第三話 春先レモネード

美海side

私は屋上の扉の前に置いた鞄をつかむと、芹沢君を置き去りにしてさっさと階段を下りた。

「待ってよ」

芹沢君が慌てて追いかけて来て、私の腕をつかんだ。温かい彼の手に触れて、ドキドキして…。

もう、何のよ。嘘の告白したくせに、最後まで嘘つき続けるんだね。

でも、私は芹沢君の腕を振りほどかなかった。

「行こっか。電車だよね?」

「うん」

「何処で降りるの?」

「ここから2つ行ったとこ」

「一緒だね!じゃ、駅の近くでお茶しない?いいお店知ってるんだけど」

芹沢君、女子に気を使えるタイプなんだなぁ…。

「うん」

なのに、私ったらこんな素っ気ない返事しかしてない。どうして素直になれないんだろう。何で、私のこと好き?って聞けないんだろう。

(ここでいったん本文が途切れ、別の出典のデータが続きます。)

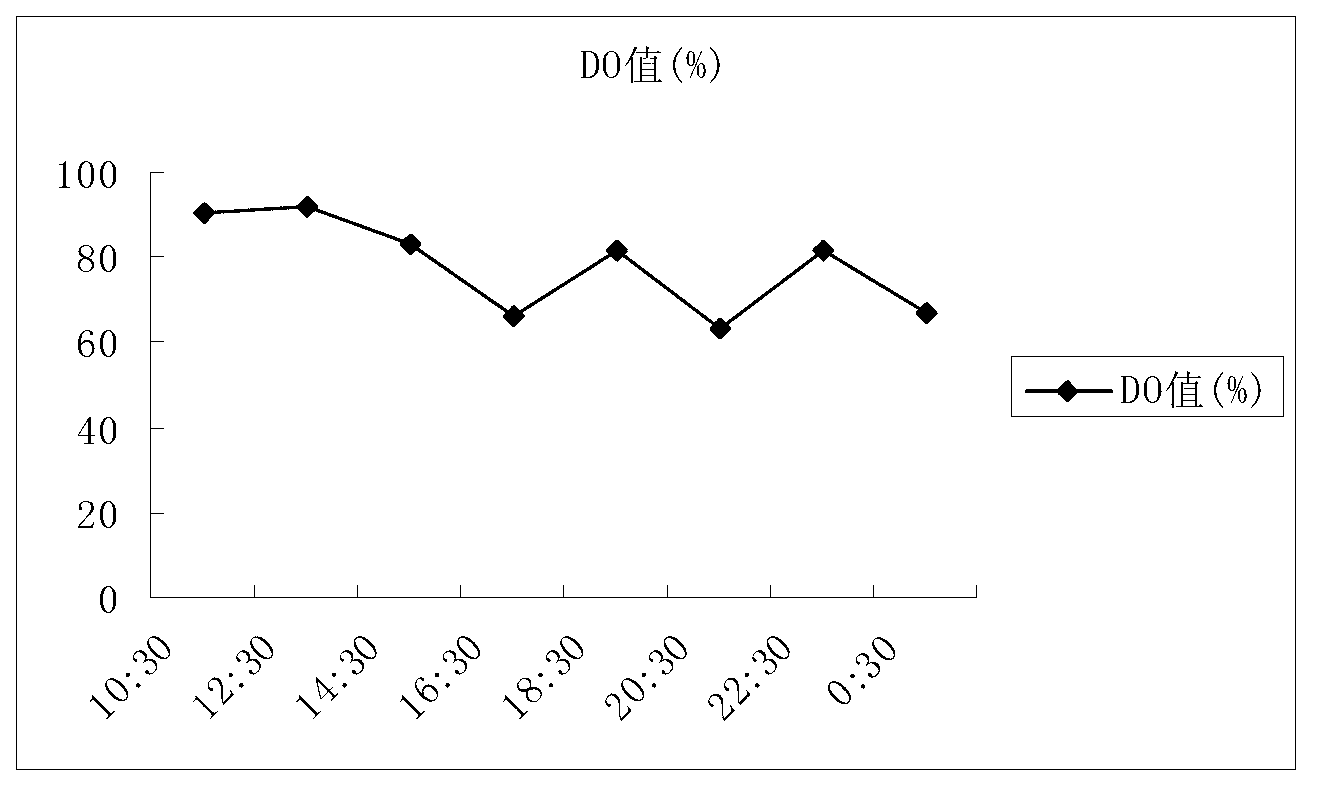 Method for industrially producing grouper growth hormone recombination gene protein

電車に揺られている間も、芹沢君はひっきりなしに私に話しかけてきた。

「——ね、いい?」

わ、聞いてなかった…。

「ごめん。聞いてなかった…。考え事してて」

「大丈夫?なんかさっきから暗いけど…相談のるよ?何悩んでるの?」

芹沢君のことだよ‼

何て言えるわけないし。

「だ、大丈夫。で、何だっけ」

「あぁ、——」

芹沢君は私と目を合わせようとしたけれど、フッと窓の外を見た。

(そらされちゃった…)

でも、芹沢君はもう一度こっちを見た。

「あの——」

その時、車内にアナウンスがかかった。

「——お降りの方は——」

「次だね。行こう」

何だったんだろう。芹沢君が言おうとしてたことが気になりすぎて―――ダメだ。少し心を落ち着かせないと。

「——どうしたの?」

ダメだ。落ち着けない。芹沢君見てると、胸の高鳴りが抑えられない。

ねぇ、気付いてよ…。君の気持ちが分かんないから、苦しい…。

「水川さん——」

芹沢君は扉が閉まる直前で私と電車から降りた。

「ごめん…。降りそびれそうだったね」

「水川さんは悪くないよ。大丈夫?」

君が優しいから、

「大丈夫」

大丈夫じゃない…。

ねえ、

 その時、芹沢君が私の手を握った。

「行こう」

胸がきゅっとなった。それと同時に、ふわっと宙に浮いたような感覚に襲われた。

幸せ

頭に浮かんだのは、その二文字。

「うん…」

芹沢君は、駅のすぐ近くにあるカフェに連れて行ってくれた。席につくと、店員さんがメニュー表を持ってきてくれた。

「水川さん好きかなって」

彼が指差したのは、

「レモンパイ…」

私は甘酸っぱい物が大好きだ。レモンパイは、特に。

「これにしよっか。すみません」

店員さんがすぐに来て、注文をとって立ち去った。

「何でわかったの?」

「え?」

「私が甘酸っぱい物好きって」

芹沢君はフッと笑みを浮かべた。

「俺が、水川さんのこと好きだからだよ」

嘘。

絶対嘘。

そうでしょ?

君は、いつまで

嘘をついているつもり?

「君は俺のこと、好きじゃない?」

何でそんなんこと聞くの?

好きに決まってる。

でも、芹沢君はどうなの?

「あのさ、さっき言おうとしてたことなんだけど」

私は思わず身構えた。

 その時、店員さんがレモンパイを運んできてくれた。少し気まずそう。

「その、み、——美海って呼んでいいかな?」

芹沢君が珍しく頬を紅潮させている。

「え——?」

「あ、ごめん嫌だったよね?ごめん忘れて」

「何で謝るの?」

芹沢君は呆気にとられた表情で私を見ている。

「いいけど、別に」

君が目を輝かせてるの見たら、本気だと思っちゃうじゃん。

ねえ、どうなの?

「行こうか」

「え…」

あっという間に食べてしまったな…。

それに、時間があっという間に過ぎていく。

 私たちはお会計を済ませると店を出た。私たちは家の前の信号の所で別れる。私は信号を渡って真っ直ぐ行った所だけど、芹沢君は信号を渡らずに左に曲がる。

「み、美海、明日ね」

「うん、また明日」

君との時間は大切だけど、宝物だけど、

芹沢君、君にとっては、どうなの?

そんな疑問を抱えたまま、私は彼に手を振った。